Photo: Amir Hamja/Netflix

Hasan Minhaj Breaks Bad

by · VULTURE

In his new Netflix special, Off With His Head, comedian Hasan Minhaj begins the show with a fake-out. “You know what I love when I look out here tonight?” he asks the audience at the San Jose Civic. “I love the diversity.” Before anyone has time to groan at the preachiness of the sentiment — a reaction Minhaj is not unfamiliar with eliciting — he clarifies: “Not racially. Financially.” The bit about income disparity that follows is pricklier than the comedian’s stand-up audience is used to seeing from him; he quite literally divides the room. It’s his way of signaling that he’s not your grandmother’s — or, more accurately, your cringe millennial cousin’s — Minhaj anymore.
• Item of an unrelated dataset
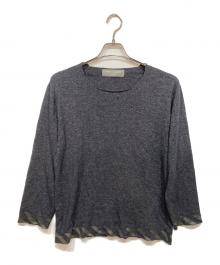 COMME des GARCONS HOMME（コムデギャルソン オム）の古着「ニット」｜グレー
It’s a savvy rebrand for a figure who found himself embroiled in a quasi-scandal in 2023 after a New Yorker article uncovered a series of lies and exaggerations he’d included in his previous stand-up specials (Homecoming King and The King’s Jester) for dramatic effect. In the discourse that followed, critics pointed out that the story wouldn’t have had legs if Minhaj hadn’t risen to fame by positioning himself as a morally righteous, oft-persecuted authority figure. It’s only natural the comedian should want to distance himself from that image now.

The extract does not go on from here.